Hound dog
Nana's are Beautiful
Here is the email easy child sent off to stepgfg a few moments ago. Wow.
She said it all pretty much in a nutshell.
Thank you for your reply. I do appreciate it. I am fine, Ive just been thinking about everything. Its hard to suddenly deal with feelings youve suppressed for 6 years. I dont know if you could imagine how hard that is on someone. I dont know if you will like everything that I have to say to you. I dont say these things to just be mean, but its some (not all) of the things Ive wanted to tell you all these years.
Its been 6 years since you ran off with Kayla & Alex without telling anyone. That is until we received the rude letter you sent to my mom a week later. We had discover your semi-empty trailer (the one with the dog **** in it, the broken toys, bottles, a crib sitting outside) to learn of you leaving. This was the day before my 18th birthday. I was supposed to be spending my 18th birthday enjoying becoming an official adult, instead I spent most of it in tears, filled with anger & resentment. On my 18th birthday, I ended up getting a tattoo for Kayla & Alex because I knew Id never see them again.
Firstly, why did it take you sooooooooo long to finally contact someone from your family? You couldnt let us know that you & the kids were still alive? For 6 LONG years we knew absolutely NOTHING. We were just left to wonder. Wonder if you were alive. Wonder if you were dead. Wonder what happened to Kayla & Alex, whether they had been taken away from you, had been killed, were still alive. And wonder why. Why did you really leave?
Do you have any idea what you did to your family here? Do you care? Until recently you were dead to me. I have a lot of anger issues towards you, even more so now that Im a mother. Nichole has dealt with a ton of abandonment issues since you left. Travis never fully understood, but was devastated that he would no longer see Kayla & Alex. You put my mom through hell, to put it mildly. Not only did she care for you as a daughter, and loved you the same, but she loved your kids as much (if not more) than any other grandmother would. Our dad, you know how he is with emotions, but you could tell how upset he was. And lastly, Grandma was not only upset with you, but disappointed as well. Oh well, were just your family ..who cares, right?
As a mother myself, I cant understand your decisions. I cant understand how you lived in the filth that you called home when you lived here. I cant understand how a newborn could roll or jump out of an infant swing. I dont understand how you could just take off to live with your kids in a car. It makes my anger even worse.
You were such a manipulator while you were here. You not only used Grandma Elise, my mom, our dad, your siblings, but you also used people like your case worker and your babysitter. Telling them that we werent getting you or Kayla or Alex anything for Christmas. Painting my mom & our dad out as horrible people. Because you know, they didnt help you move out here, didnt let you live with them, didnt help you find an apartment, didnt help you find any public services, didnt provide you with food, clothes, or necessities for your kids (even though they barely had the money to provide for themselves) .did they? Not according to you.
And back to that letter to my mom. What the hell was that? Your way of thanking her for everything? Yes she went to Childrens Services (and told you so) when you moved out of your apartment at Cedar Woods. Your apartment was DISGUSTING! I have never seen anything quite like it in my life (next to your trailer that is). She didnt do anything behind your back, nor did she do anything that gave you the right to write such a horrible letter. She cared about you but put your kids first (something you should have done). You have every right to live the way you were, in filth & doing drugs. But your kids had every right to live with a good family away from drugs & filth, whether with you, with our family, or with someone outside of your family. You had made that choice to live that way, they had no choice. To treat someone that way in a letter, was RIDICULOUS.
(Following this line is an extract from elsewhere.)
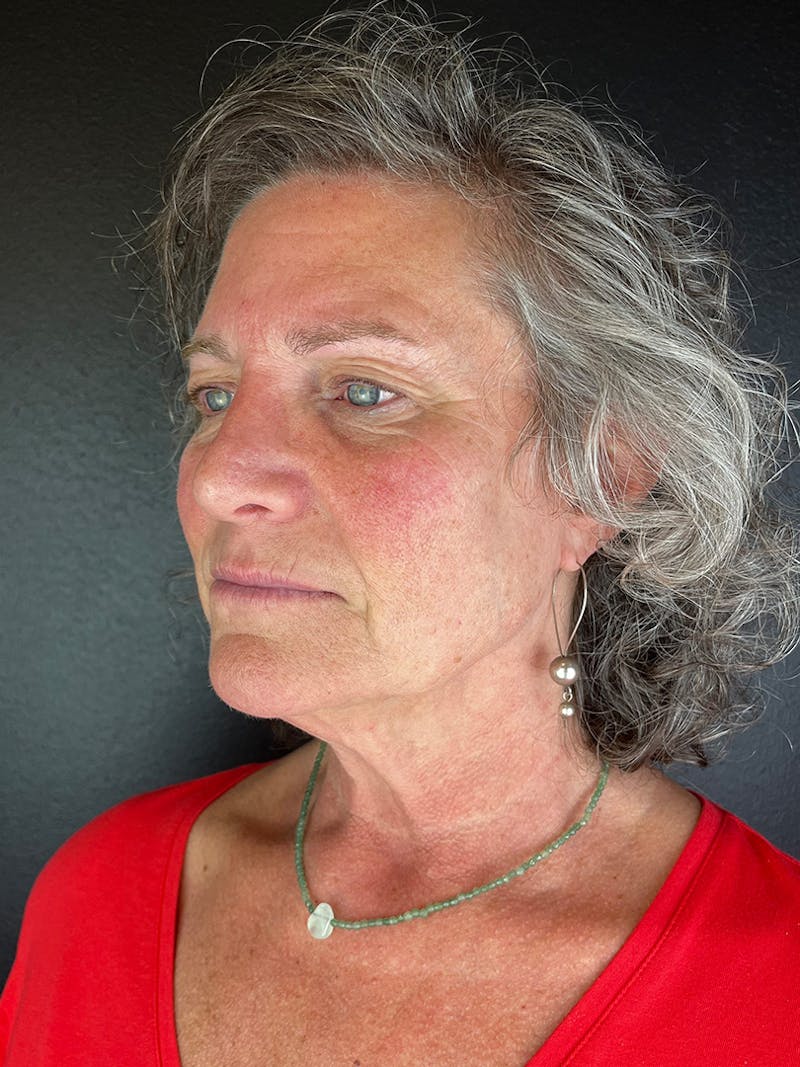 Comprehensive Treatment Plans Before & After Gallery - Patient 343538 - Image 3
To be honest, I dont care if you were mad at my mom. You could have let someone know that you were still alive & your kids were too, before 6 years.
I dont know how to take your newfound interest in your family out here. All of a sudden you want a relationship? Why did you contact Nichole first? What about me, or Travis? Or you know, my mom, our dad, or Grandma Elise? Did you think Nichole didnt remember everything? I have trouble believing its sincere & that youre not just fishing for handouts.
I really hope you are sincere & want to be in contact with your family. I hope that you do have Kayla & Alex & that they & you are well. I hope your little one, Evan, is also well. I am sorry if you are not able to provide for your family the way that you would like. Im sure that is hard. I cant imagine. I am sorry that your health is not well either. What condition do you have? On the same note, I am not able to help you. And if I were, Id be very hesitant to, because Id be afraid of being used again.
If you still want to maintain contact with me, even after this reply, Id be happy to. But I dont think well ever be as close as we were before. As a kid I idolized you. Im not that kid anymore.
She said it all pretty much in a nutshell.